• **Exercise prompt**:
Repeat the records exactly. Leave out the pictures.

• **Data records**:
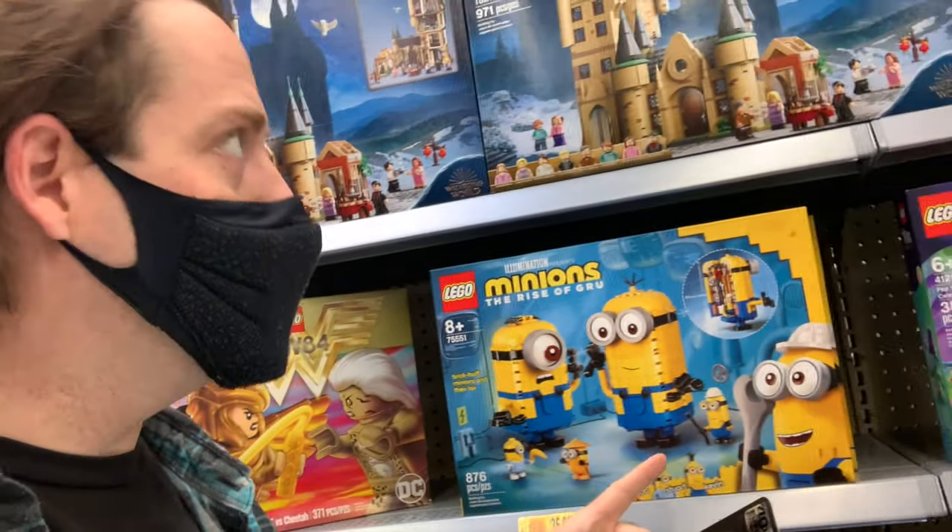I criminally do not have a Han Solo figure in Black Series, which is crazy. I had gotten the running carbonite from Amazon and then it got cancelled, so I have none — so this will be my first Han Solo, which is pretty exciting. And look at these Minion LEGOs — these are a blast, very fun! I think this is pretty much going to do it for me here, so let's head back.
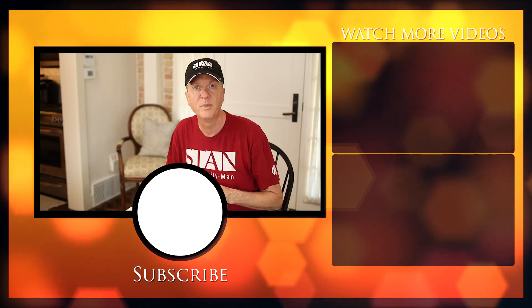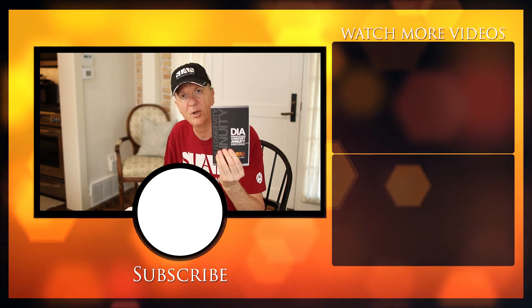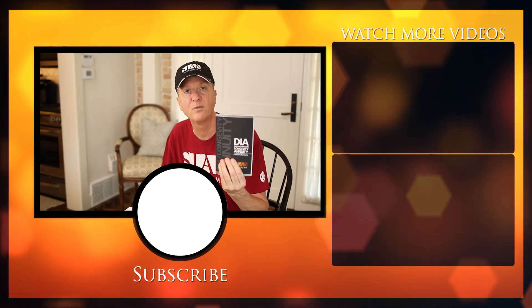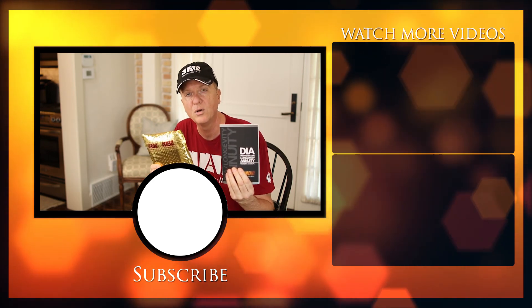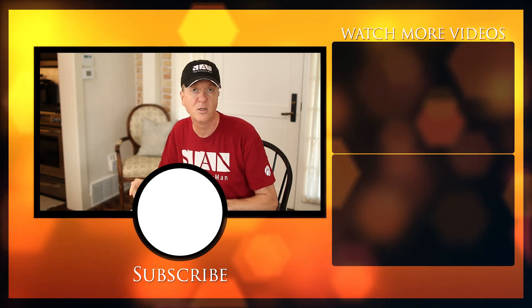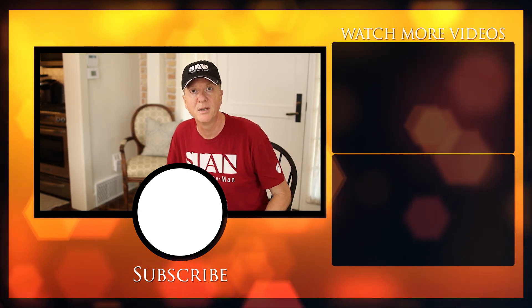We've covered a lot today on deferred income annuities. I hope you have enough information to make a very good decision. But there's one last piece you need — the deferred income annuity owner's manual. I'll send you that for free and under no obligation in a really nice gold foil package. I also encourage you to look at my next video, which is on multi-year guarantee annuities. I think you'll like it.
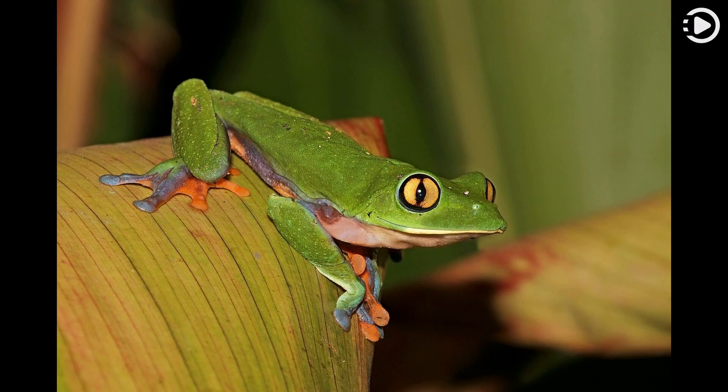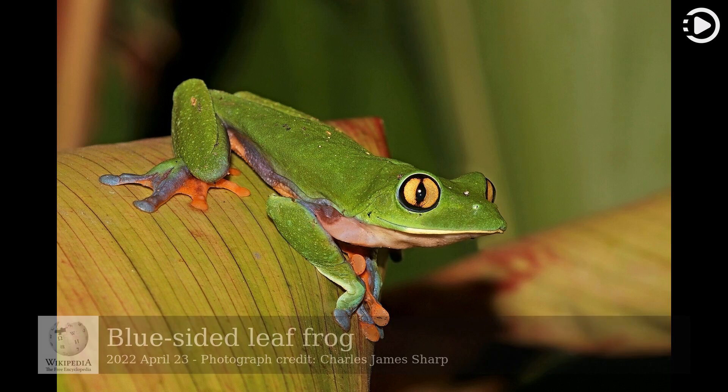Hello, Wikipedia's picture of the day, April 23rd 2022. Today's video is about the blue-sided leaf frog.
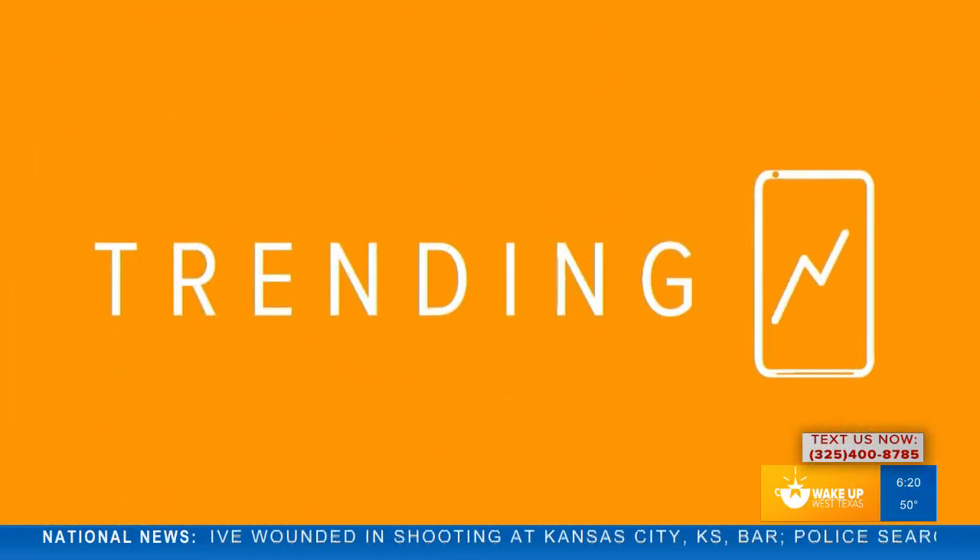Welcome back everyone to Wake Up West Texas. The time right now is 6:21. I'm Malik Mingo and it's time to take a look at what's trending.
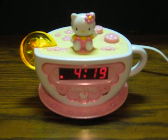This is a Hello Kitty alarm clock radio and night light that's going up for sale. Just a quick little demonstration to show it working.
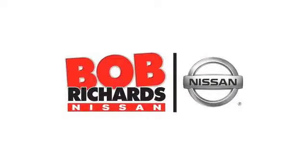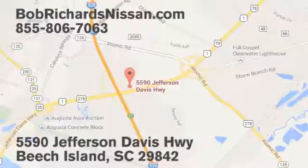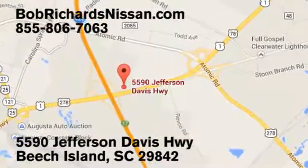Bob Richards Nissan is the area's number one volume dealer for new Nissans. Come see us today at 5590 Jefferson Davis Highway in Beach Island, South Carolina.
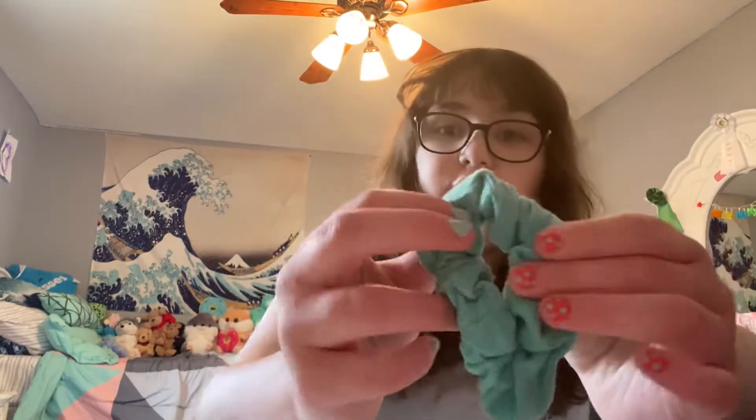We have a teal one — this is like a dark teal one, very very fun. What happened to my green? Oh wait, I showed it.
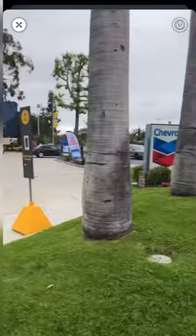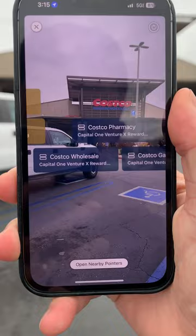At Home Depot, it's the Capital One Venture X. And at gas stations, the Card Pointers app recommends the Citi Premier. The Card Pointers app helps you use the right card every single time. With the new AR and location-based card recommendations, you'll never ever miss out on any points ever again.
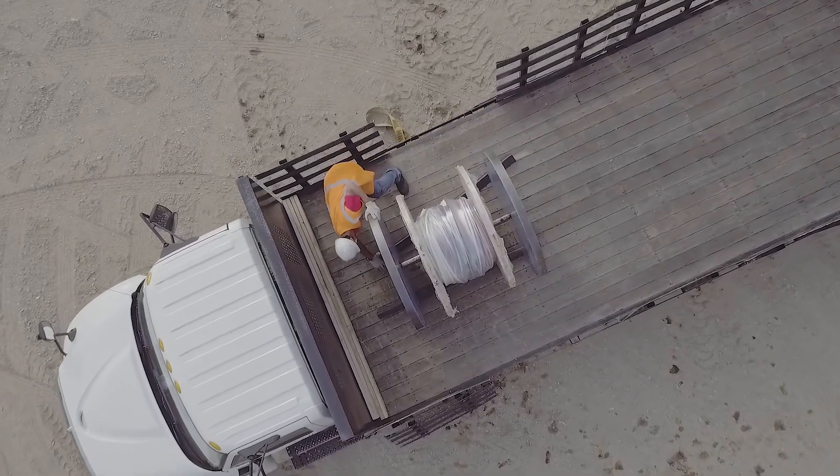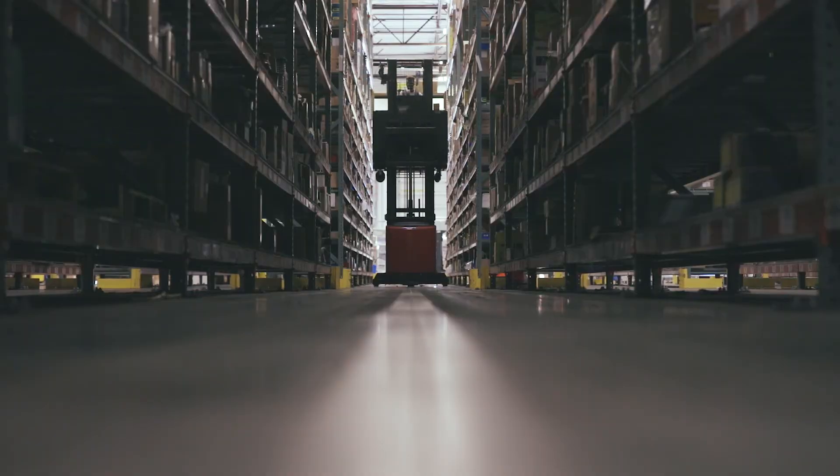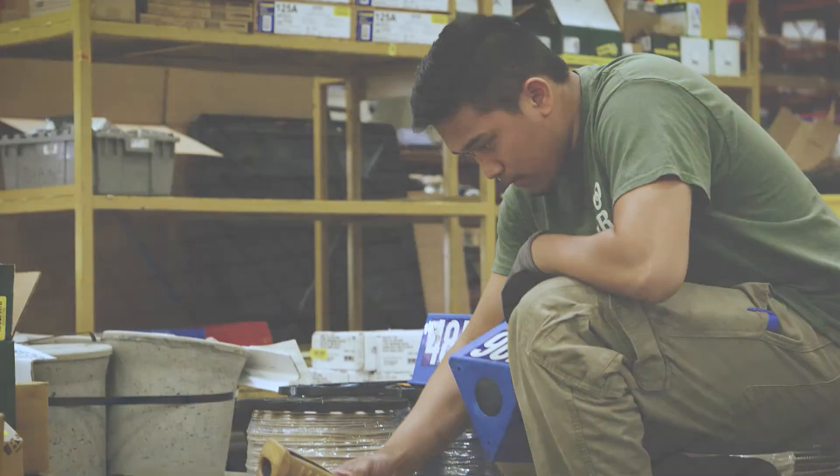It's delivered in a way that is optimal for most efficient delivery. It's the availability, it's the presence, and it's just that kind of customer service that I appreciate.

• **Your response**:
I criminally do not have a Han Solo figure in Black Series, which is crazy. I had gotten the running carbonite from Amazon and then it got cancelled, so I have none — so this will be my first Han Solo, which is pretty exciting. And look at these Minion LEGOs — these are a blast, very fun! I think this is pretty much going to do it for me here, so let's head back.
We've covered a lot today on deferred income annuities. I hope you have enough information to make a very good decision. But there's one last piece you need — the deferred income annuity owner's manual. I'll send you that for free and under no obligation in a really nice gold foil package. I also encourage you to look at my next video, which is on multi-year guarantee annuities. I think you'll like it.
Hello, Wikipedia's picture of the day, April 23rd 2022. Today's video is about the blue-sided leaf frog.
Welcome back everyone to Wake Up West Texas. The time right now is 6:21. I'm Malik Mingo and it's time to take a look at what's trending.
This is a Hello Kitty alarm clock radio and night light that's going up for sale. Just a quick little demonstration to show it working.
Bob Richards Nissan is the area's number one volume dealer for new Nissans. Come see us today at 5590 Jefferson Davis Highway in Beach Island, South Carolina.
We have a teal one — this is like a dark teal one, very very fun. What happened to my green? Oh wait, I showed it.
At Home Depot, it's the Capital One Venture X. And at gas stations, the Card Pointers app recommends the Citi Premier. The Card Pointers app helps you use the right card every single time. With the new AR and location-based card recommendations, you'll never ever miss out on any points ever again.
It's delivered in a way that is optimal for most efficient delivery. It's the availability, it's the presence, and it's just that kind of customer service that I appreciate.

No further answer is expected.